News Release

$5-million nanoscopic characterization unit to be inaugurated at Hebrew University

Grant and Award Announcement

The Hebrew University of Jerusalem

About $5 million has been invested in state-of-the-art equipment for the new Unit for Nanoscopic Characterization, which will be launched on Monday, Nov. 3, at the Hebrew University of Jerusalem's Center for Nanoscience and Nanotechnology.

The opening ceremony, to be held on the Edmond J. Safra Campus of the university at Givat Ram, will also mark the opening of a three-day conference sponsored by the Hebrew University Center for Nanoscience and Nanotechnology on "Science and Applications of Nanostructures," featuring presentations by leading scientists from Israel and abroad.
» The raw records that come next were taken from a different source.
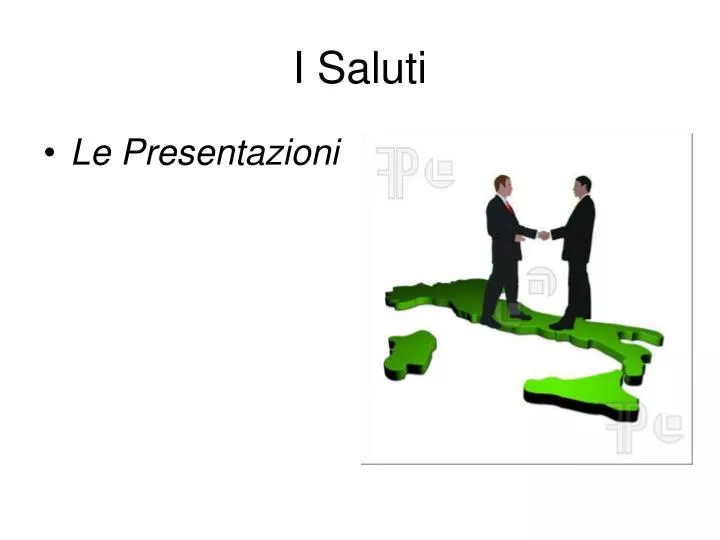 i saluti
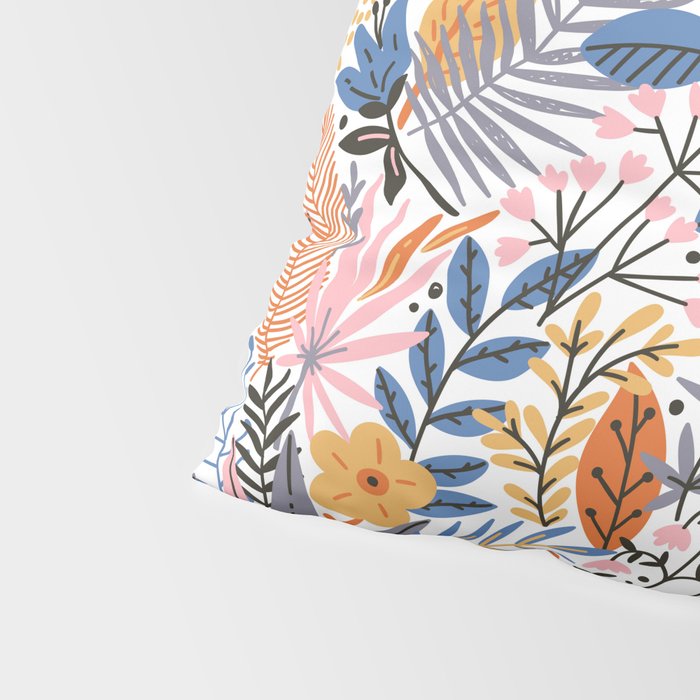 Colorful Jungle Garden Pillow Sham Gallery Image 4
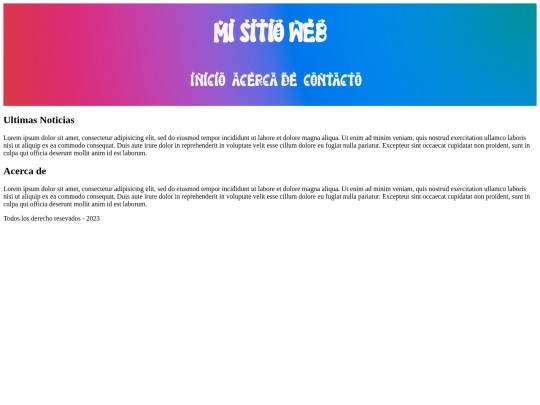 MENU screenshot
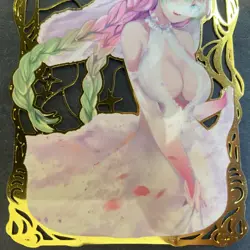Goddess Story Gold METAL Card - Serial Number #184/200! Mitsuri Anime *READ* - Image 3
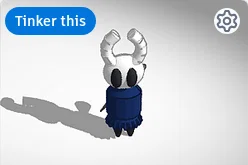 Mô hình nhân vật Hollow Knight 3D ấn tượng dành cho fan game - Image 1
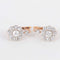 Boucles d'oreilles Boucles d'oreilles Style Pompadour Diamants 58 Facettes 0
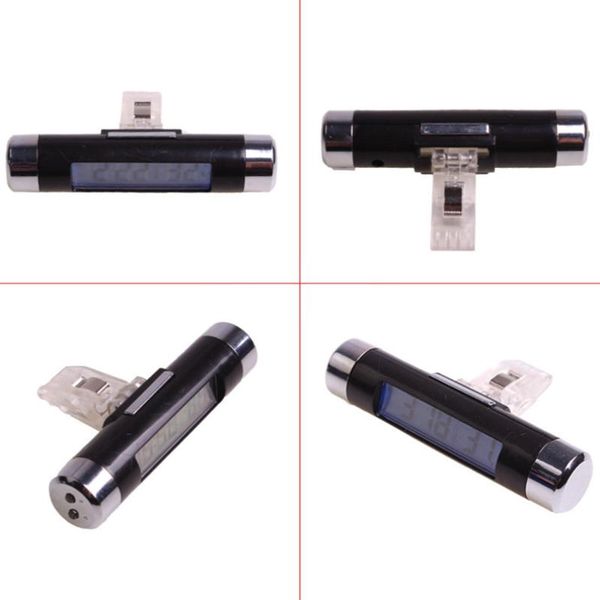 

auto partsair outlet thermometer for auto parts decoration car thermometer luminous clock car with air outlet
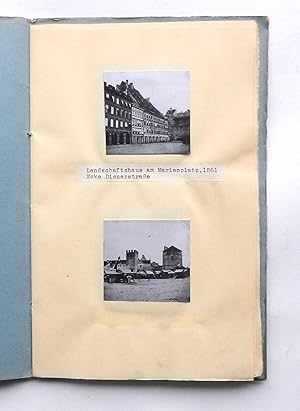 Fotografien von München um 1861. Album mit montierten Fotografien aus der Sammlung von Karl Spengler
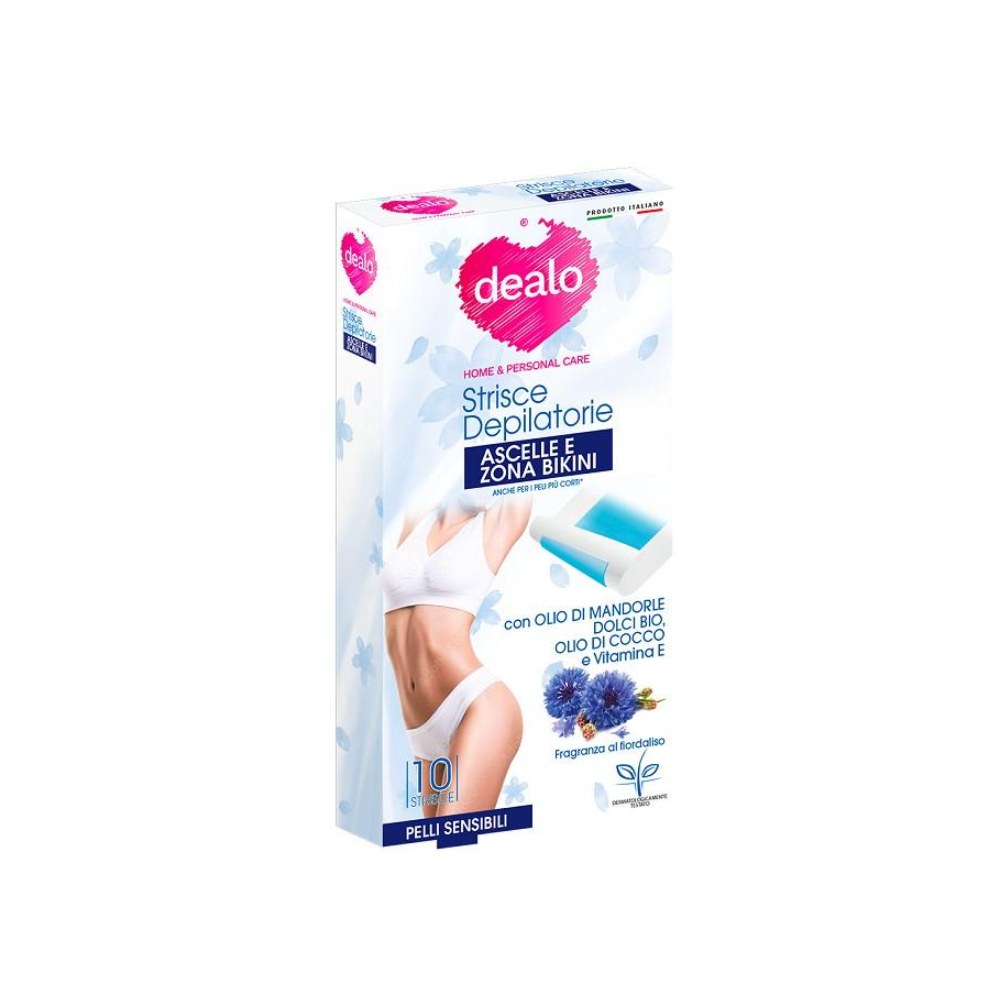 Dealo Strisce Depilatorie Ascelle e Inguine 10 Pz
The Unit for Nanoscopic Characterization, sponsored by the university's Yissum Research Development Company with financial backing from the Yeshaya Horowitz Association, constitutes an extensive, concentrated collection of advanced equipment for analysis of a large variety of materials, said Prof. Oded Millo, the acting head of the Nanoscience and Nanotechnology Center. The unit is used extensively by researchers from chemistry, physics, geology and the life sciences, he said, as well as by representatives of industry.

"The equipment includes the latest versions of electron and scanning probe microscopes that enable examination and characterization of structural, electrical and chemical material properties with nanometric-scale (one part of a million of a millimeter) resolution," said Prof. Amir Sa'ar, the head of the Nanoscopic Characterization Unit.

Avi Barak, the director of the Yissum Research Development Company – the body that deals with commercialization of research at the Hebrew University – said that nanotechnology is today an area of major interest to industry, with such giants as GE, IBM, Intel, Samsung and Sony all working continuously towards further miniaturization. Yissum has successfully promoted a number of projects in the area of nanotechnology in recent years, he added.

Barak said that the Unit for Nanoscopic Characterization, serving as it does both university and industrial researchers, is an important element in providing further impetus to fruitful cooperation between academia and industry.